East Ham, where I grew up, developed very quickly between 1890 and 1910, and the District Line and London Tilbury and Southend Railway both benefitted by the huge increase in commuting that resulted. The row houses were all to the same pattern – developed in response to the 1875 Public Health Act which specified minimum standards for the first time. So the builders built to those standards and tried to keep the frontage as small as possible to limit the cost of the local taxation (known as “the rates” and calculated then on frontage). That is what is illustrated here and is what we wanted to get way from. To a house with a garden and some degree of separation from your neighbours. Single leaf brick walls between houses do very little to attenuate sound. And their view from their back windows was over our yard!
In the interwar period, the Metropolitan Railway made more out of property development than from running trains. The London North Western wasn’t then interested in running commuter service – it was a Main Line (in fact it called itself “The Premier Line”) and was above such concerns. Which is why the Underground map has a bias to the North West still visible to this day.

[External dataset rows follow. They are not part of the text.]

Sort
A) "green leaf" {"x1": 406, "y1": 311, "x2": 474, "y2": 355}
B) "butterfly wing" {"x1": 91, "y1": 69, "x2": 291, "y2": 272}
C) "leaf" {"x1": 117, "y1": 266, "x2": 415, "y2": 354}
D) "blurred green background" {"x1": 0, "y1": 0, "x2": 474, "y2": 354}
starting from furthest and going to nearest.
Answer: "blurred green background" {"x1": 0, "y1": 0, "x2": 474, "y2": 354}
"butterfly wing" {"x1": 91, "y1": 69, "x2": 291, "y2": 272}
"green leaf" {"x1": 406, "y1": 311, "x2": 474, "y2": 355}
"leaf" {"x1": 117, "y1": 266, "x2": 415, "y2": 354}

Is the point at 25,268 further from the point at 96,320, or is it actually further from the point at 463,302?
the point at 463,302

The twenties and thirties were the era of the semi-detached. Every house had a garden front and back and towards the end of the thirties a garage too. This pattern was restarted in the fifties – at least for private sector development. But in Britain, facing a housing crisis, the public sector built more and faster and some of the outer estates are still the most desirable. Debden in Essex for example.
Boxmoor is beyond the limits of growth set by the Green Belt – the edge that development had reached by 1939. The Town and Country Planning Act tried to stop the sprawl and “ribbon development” but it simply leapfrogged the belt and continued after the war. By then the Premier Line was BR Midland Region and electric trains were carrying commuters (like me) into Euston, with easy connections to the Bakerloo Line at places like Harrow and Wembley.
It is now of course the reverse that we are pushing – density is what it is all about now. And here in the suburbs of Vancouver, the side splits and bungalows are being pulled down long before they are life expired to build townhouses. And the gardens are fast disappearing as car parking seems to be much more important than roses, or lawns, or vegetables.